King: Katrina victims only asked for help, unlike Iowans
WASHINGTON (AP) — Republican Steve King says he was told that victims of Hurricane Katrina only asked for help, unlike people in his home state of Iowa, who “take care of each other.”
The Iowa congressman on Thursday told a town hall meeting in Charter Oak he visited New Orleans multiple times after the deadly 2005 storm.
Referring to the Federal Emergency Management Agency, he said: “Here’s what FEMA tells me: We go to a place like New Orleans and everybody’s looking around saying, ‘Who’s gonna help me, who’s gonna help me?’ When FEMA responds to problems in Iowa, they’re just always gratified when they come and see how Iowans take care of each other.”
New Orleans is mostly black. The storm crossed the tip of Florida and then swept into the Gulf of Mexico and over Louisiana and Mississippi, causing more than 1,800 deaths and an estimated $108 billion in damage. It was the costliest hurricane in U.S. history, according to the National Hurricane Center, with most of the fatalities occurring in Louisiana after levees failed and 80 percent of the city was flooded.
Iowa Gov. Kim Reynolds said Friday that recent flooding in the state has caused an estimated $1.6 billion in damage. Reynolds sent a letter asking President Donald Trump to quickly issue a disaster declaration for 57 counties in Iowa that have been severely impacted by flooding.

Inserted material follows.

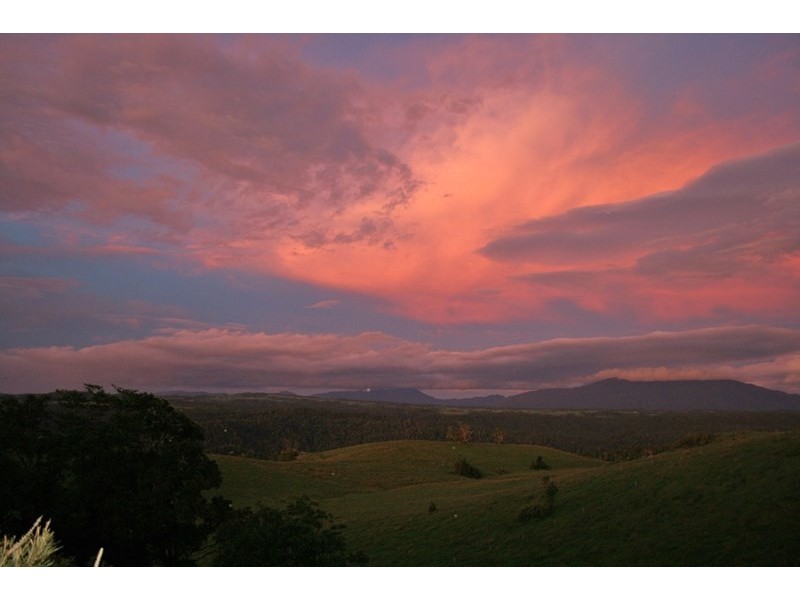 Millaa Millaa QLD 4886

House Republican Whip Steve Scalise, who was born in New Orleans, responded to King in a statement saying, “His comments about Katrina victims are absurd and offensive, and are a complete contradiction to the strength and resilience the people of New Orleans demonstrated to the entire nation in the wake of the total devastation they experienced.” Scalise’s district includes part of the city.
It was the latest slap from House Republican leaders to King. Earlier this year, they punished him for comments about race, most recently stripping King of his committee assignments.
Associated Press writer Rebecca Santana contributed.